Das Gehalt als Flugbegleiter: Was verdient man über den Wolken?

Der Beruf der Flugbegleiterin oder des Flugbegleiters fasziniert viele Menschen. Die Aussicht, die Welt zu bereisen und täglich neue Kulturen kennenzulernen, klingt verlockend. Doch wie sieht die finanzielle Realität aus, wenn man über den Wolken arbeitet?

Wer in Deutschland als Flugbegleiter startet, kann mit einem durchschnittlichen Bruttogehalt von etwa 2.905 Euro im Monat rechnen. Heruntergebrochen auf eine klassische 40-Stunden-Woche entspricht dies einem rechnerischen Stundenlohn von rund 16,80 Euro brutto. Das Einstiegsgehalt liegt oft etwas darunter, steigt jedoch mit den Berufsjahren und der gesammelten Erfahrung an.

Wichtig zu wissen ist, dass das reine Grundgehalt in der Luftfahrtbranche selten die ganze Geschichte erzählt. Die tatsächliche Vergütung setzt sich meist aus verschiedenen Komponenten zusammen. Neben dem festen Basislohn spielen zulagenrelevante Faktoren eine große Rolle. Dazu gehören Schichtzulagen für Nacht-, Sonntags- und Feiertagsarbeit sowie das sogenannte Spesen- oder Tagegeld, das die Verpflegungskosten während der Aufenthalte im In- und Ausland abdeckt.

Zudem variiert der Verdienst stark je nach Arbeitgeber und Einsatzbereich. Große Linienfluggesellschaften, die an Tarifverträge gebunden sind, zahlen in der Regel strukturiertere und oft höhere Gehälter als kleinere Charter- oder Billigflieger.
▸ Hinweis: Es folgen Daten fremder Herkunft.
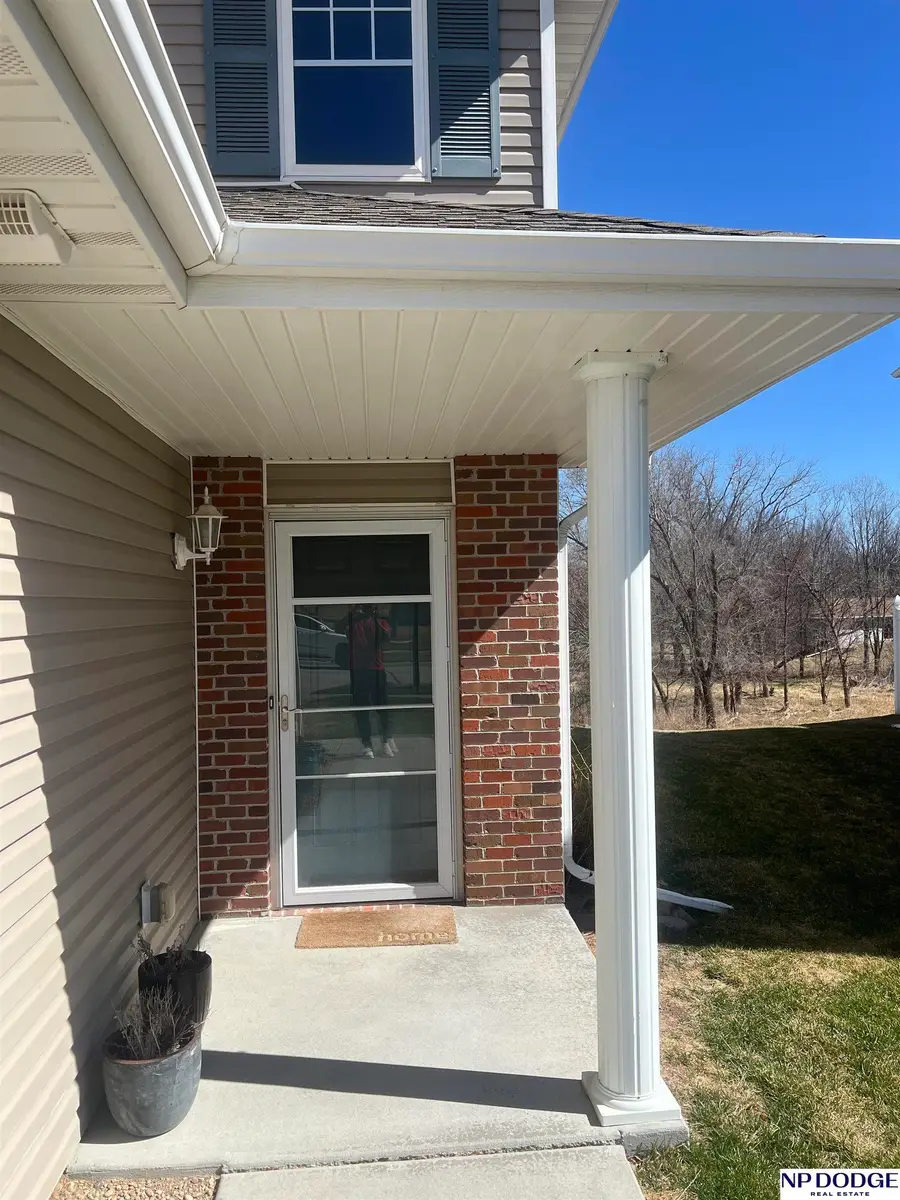 2520 Cedar Cove Road, Lincoln, NE 68507 - #2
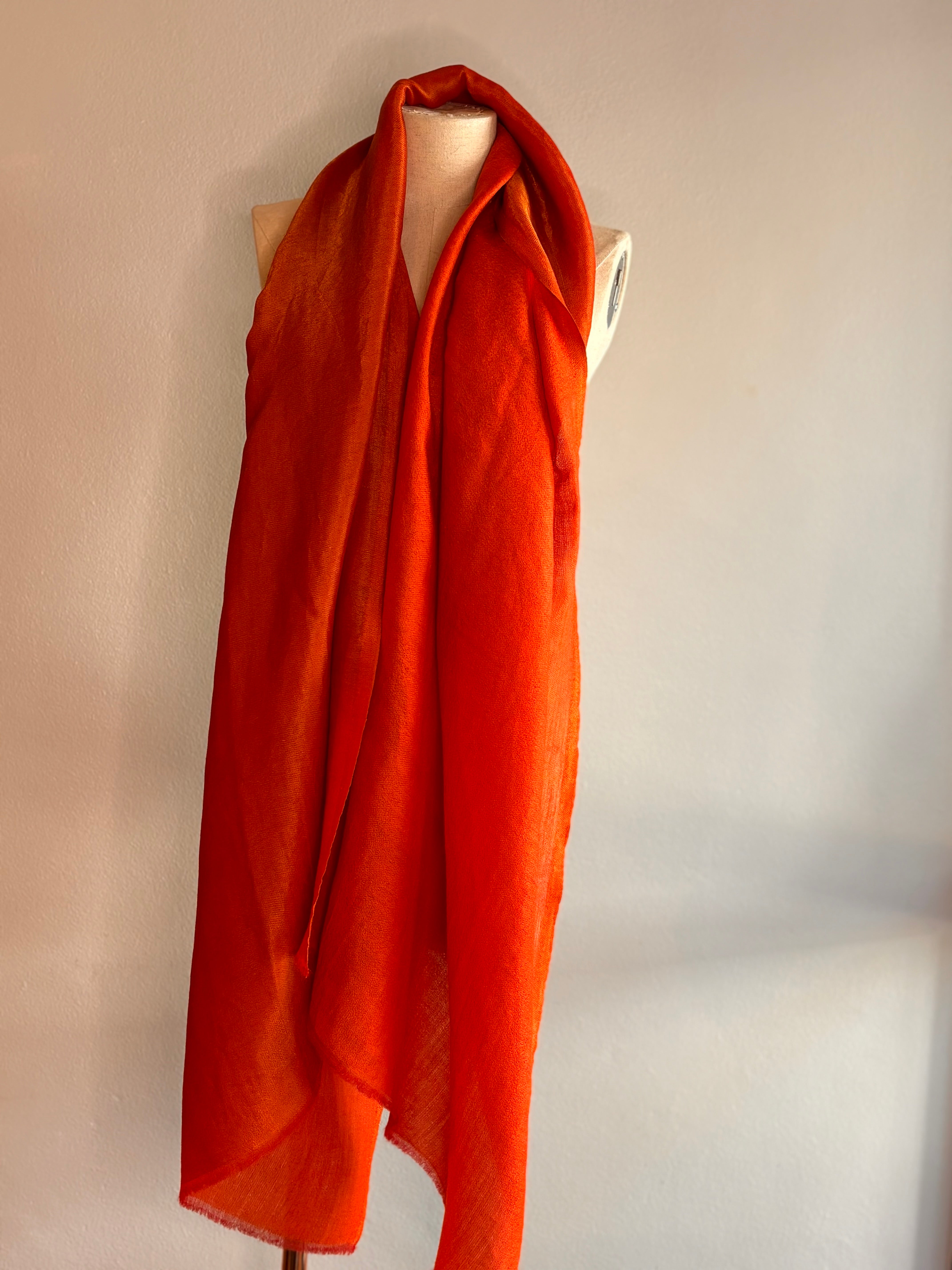 Xale ZARI laranja intenso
Auch die Unterscheidung zwischen Kurz-, Mittel- und Langstreckenflügen macht sich auf dem Gehaltszettel bemerkbar, da längere Einsätze und Auslandaufenthalte meist zusätzliche finanzielle Zuschläge mit sich bringen. Wer motiviert ist und Führungsverantwortung übernimmt, kann zudem zum Purser aufsteigen und damit sein Einkommen spürbar steigern.